Work to be completed: Print exactly the lines that run from the one containing "Kigeki yūwaku ryokō poster" to the final line of the data, both included, and print none of the pictures.

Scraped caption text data
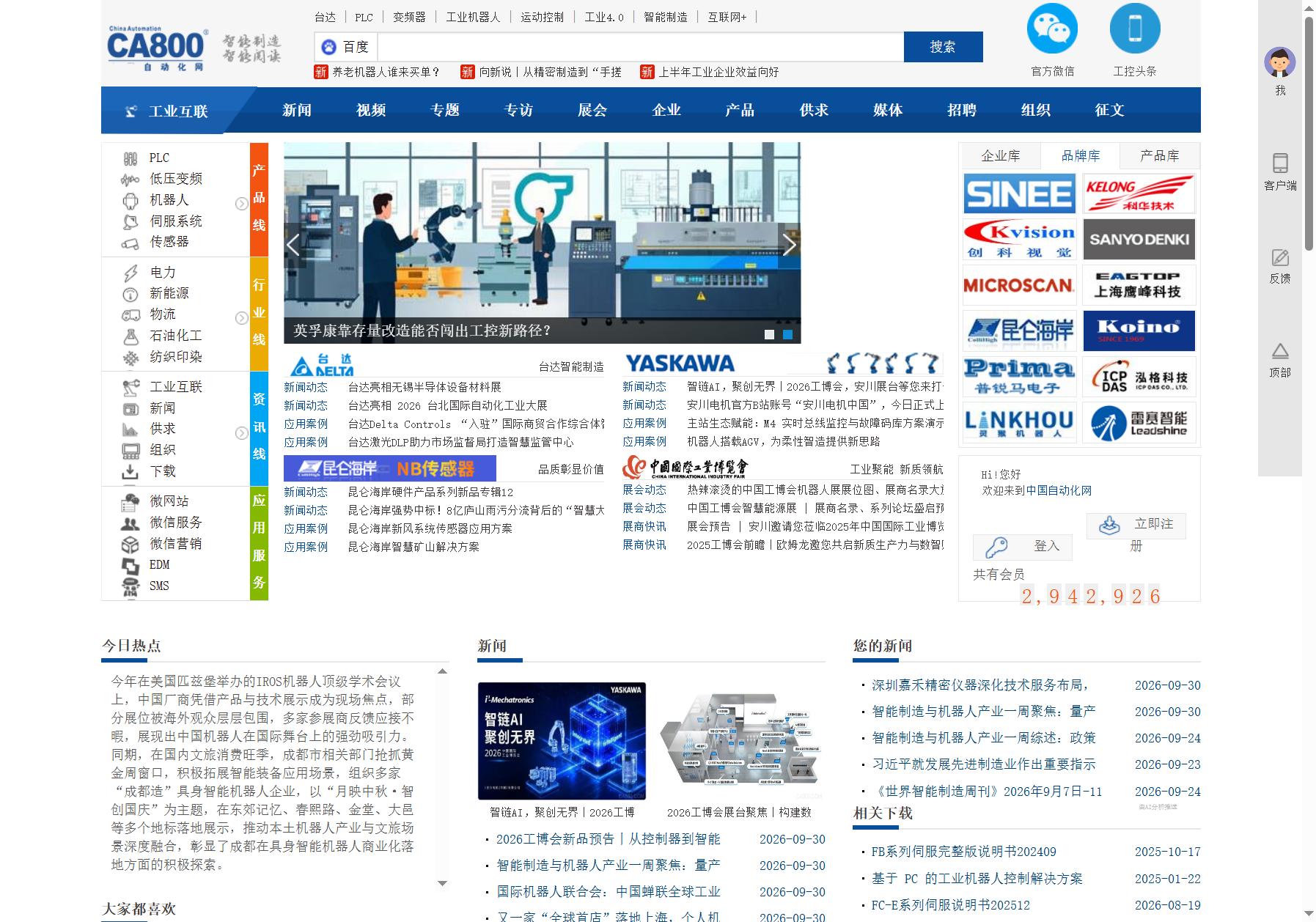 中国自动化网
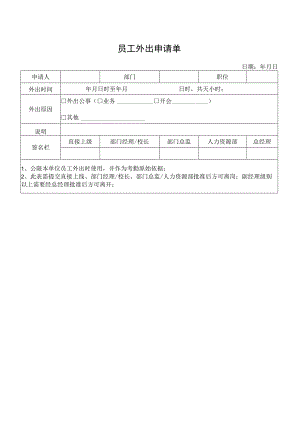 员工外出申请单.docx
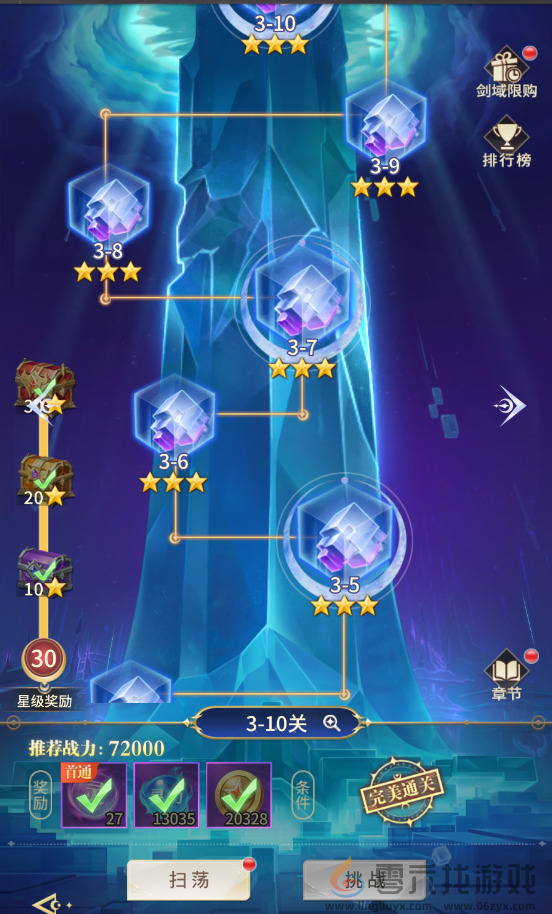 小小仙王无上剑域玩法规则介绍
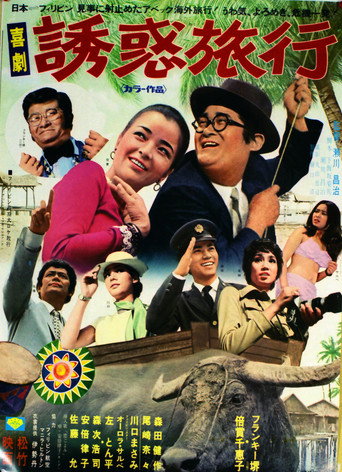 Kigeki yūwaku ryokō poster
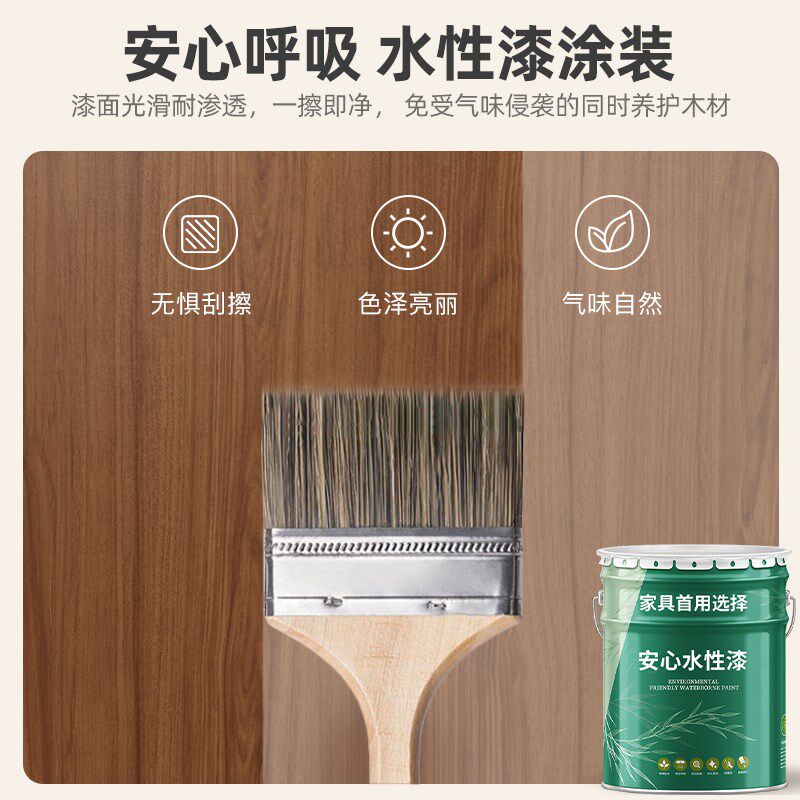 实木客厅大长书桌莫比恩工作台去客厅化桌子家用长条桌双人办公桌
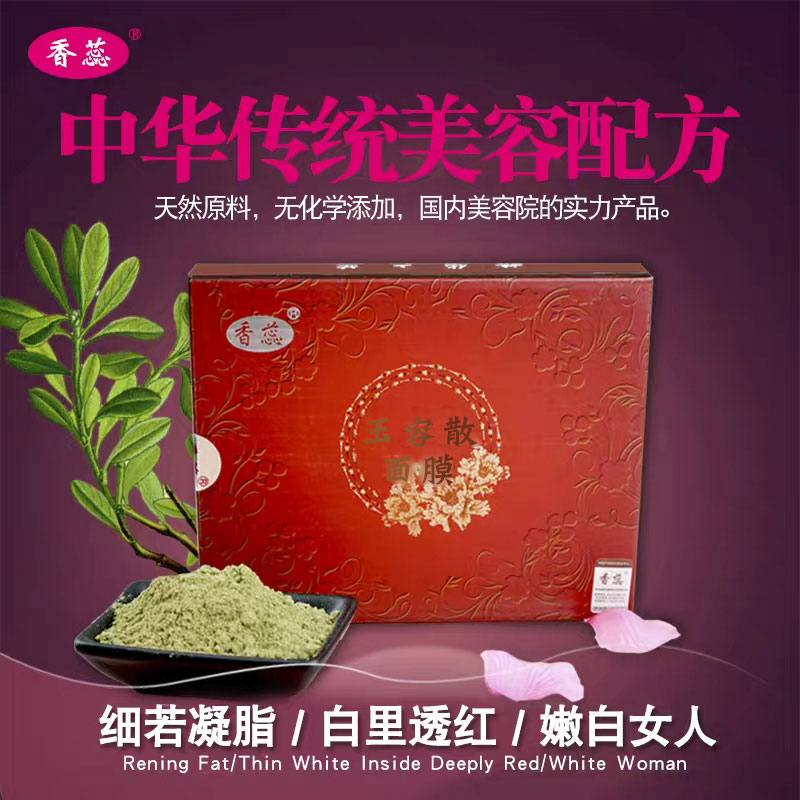 香蕊玉容散痘印補水保溼面膜粉去黃提亮珍珠粉軟膜粉純美容院100g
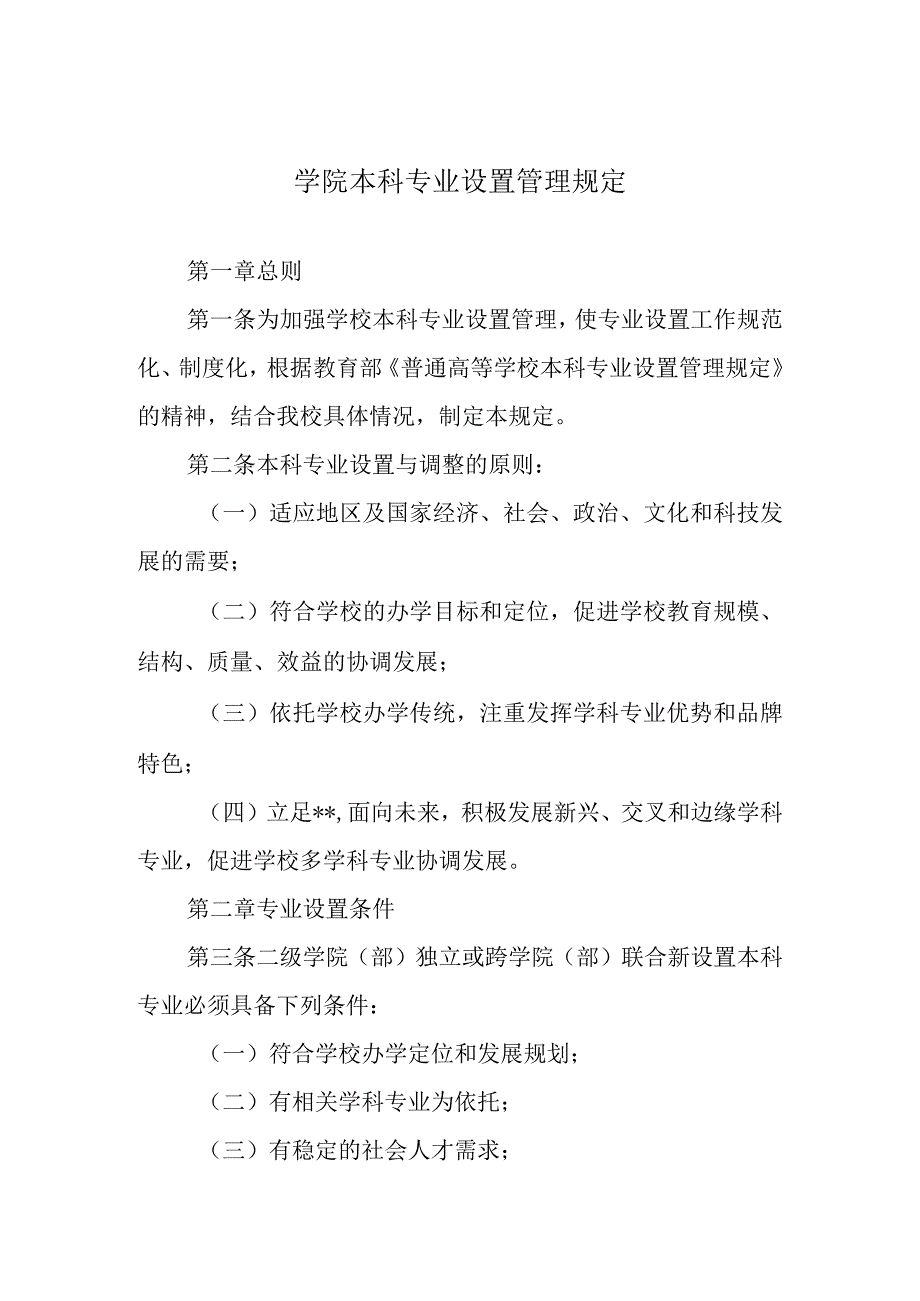 学院本科专业设置管理规定.docx_第1页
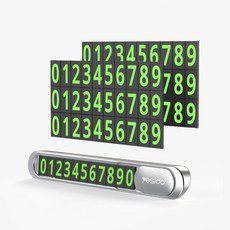 고급 차량용 메탈 주차번호판 알림판 핸드폰 전화번호 안심번호 스티커 자동차 연락처, 1개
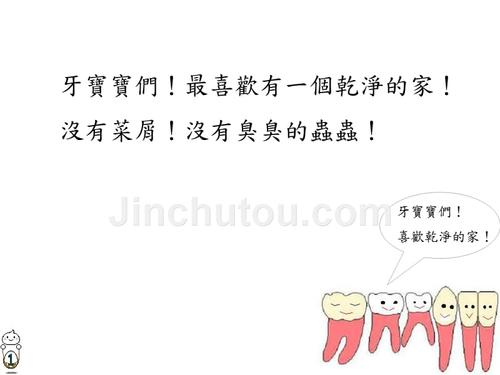 牙齿辞职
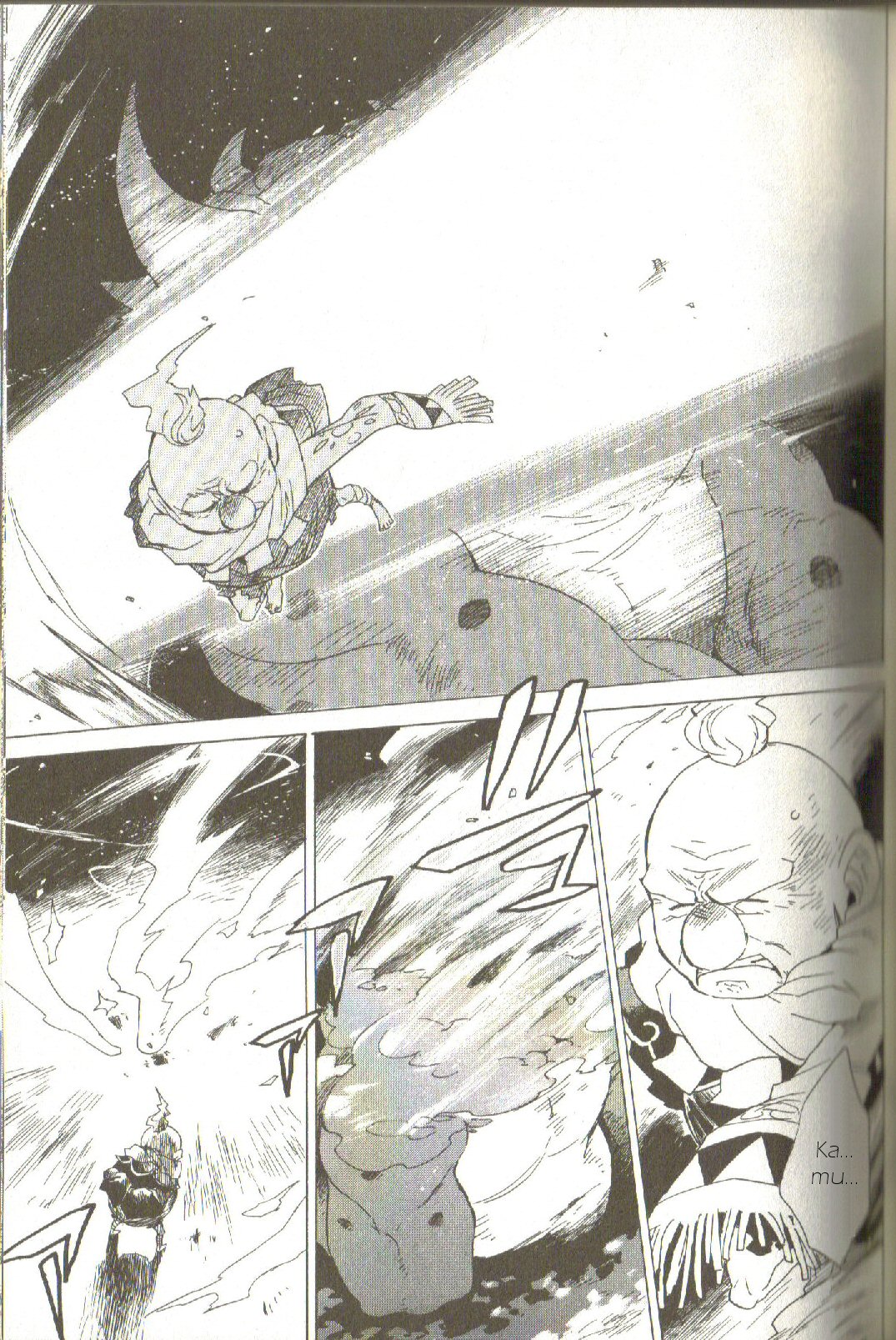 Breath of Fire IV: The Unfading Ones The Awakening 第32页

Your solution:
 Kigeki yūwaku ryokō poster
 实木客厅大长书桌莫比恩工作台去客厅化桌子家用长条桌双人办公桌
 香蕊玉容散痘印補水保溼面膜粉去黃提亮珍珠粉軟膜粉純美容院100g
 学院本科专业设置管理规定.docx_第1页
 고급 차량용 메탈 주차번호판 알림판 핸드폰 전화번호 안심번호 스티커 자동차 연락처, 1개
 牙齿辞职
 Breath of Fire IV: The Unfading Ones The Awakening 第32页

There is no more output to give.